Created attachment 277859 [details] PCI / ACPI / PM: Resume all bridges on system suspend to S3 Sorry for the delay. Please let me know if the issue is reproducible with this patch applied.
It works! To be sure: 1. I used the last patch alone. Not with the obsolete patch on Jul 30. 2. I tried linux-4.17.y and 4.18.0-rc6. In fact, Rafael, you saved my previous buggy PC years ago, (Sorry I can't find its log.) so this is the second time. I deeply thank your years of work in the linux kernel. > stay tuned! Radios are wireless, after all. (Forgive me for a joke for elderly folks. ;-) Kind regards.

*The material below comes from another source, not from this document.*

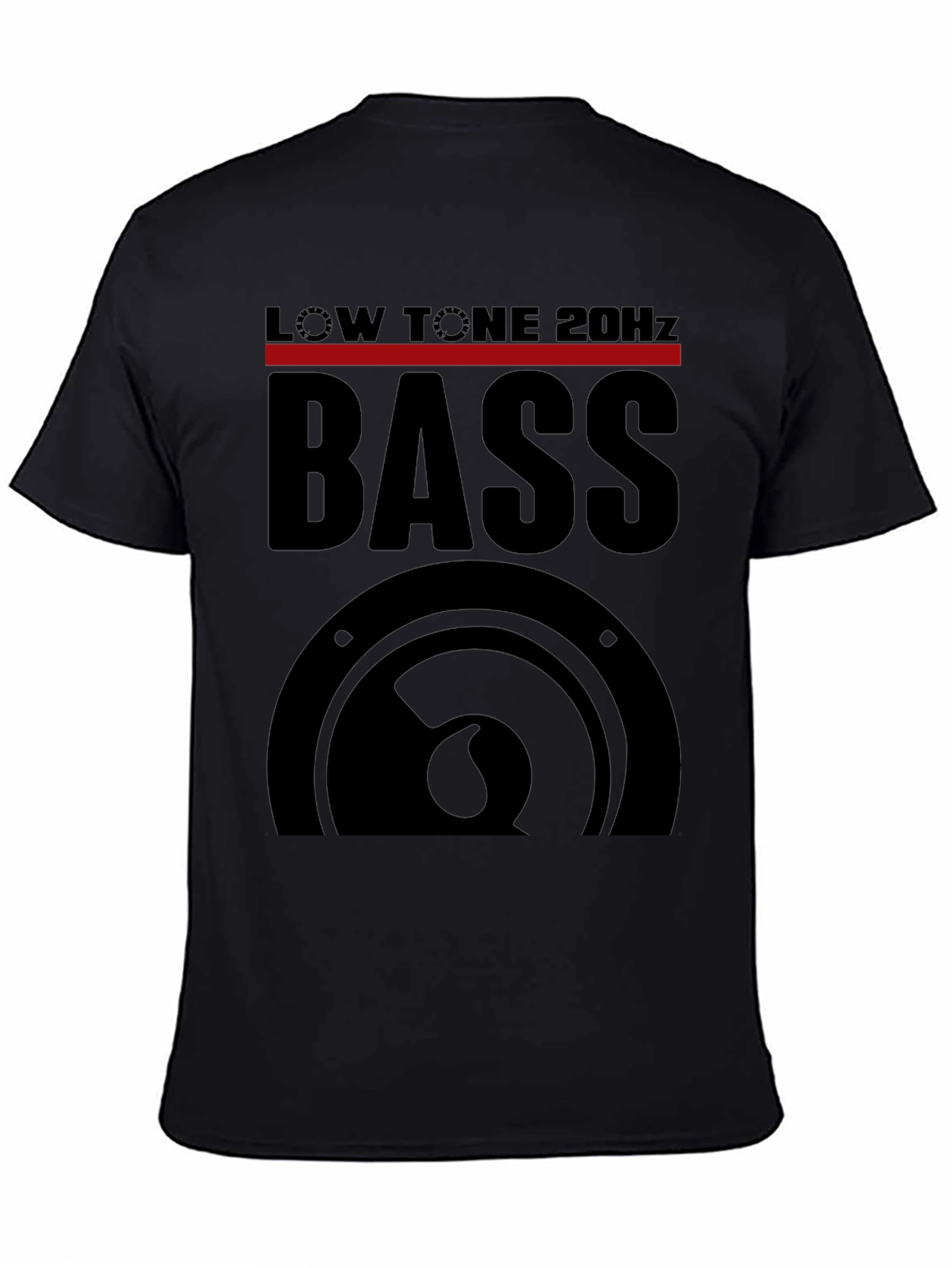 Bass Music T-Shirt - Low Tone 20Hz Graphic Tee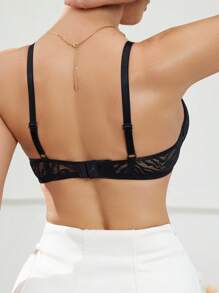 SHEIN 1pc Soft Cup Lace Padded Supportive Comfortable Bra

(In reply to teika kazura from comment #18) > It works! OK, thanks! > To be sure: > 1. I used the last patch alone. Not with the obsolete patch on Jul 30. > 2. I tried linux-4.17.y and 4.18.0-rc6. OK > In fact, Rafael, you saved my previous buggy PC years ago, (Sorry I can't > find its log.) so this is the second time. I deeply thank your years of work > in the linux kernel. Appreciated, thank you! Let me submit the patch with a changelog to the mailing lists.
Patch submitted: https://patchwork.kernel.org/patch/10567315/
Pulled into linux-next[1] and linux-4.18.5[2]: [1] https://git.kernel.org/pub/scm/linux/kernel/git/next/linux-next.git/commit/drivers/pci/pci-acpi.c?h=next-20180823&id=9d64b539b738fc181442caab95f1f76d9bd58539 [2] https://git.kernel.org/pub/scm/linux/kernel/git/stable/linux.git/commit/drivers/pci/pci-acpi.c?h=v4.18.5&id=4d4306a283a1be22e4342c5a04d99f65f256d157 Thanks all.
Patch merged as commit 9d64b539b738 PCI / ACPI / PM: Resume all bridges on suspend-to-RAM Closing.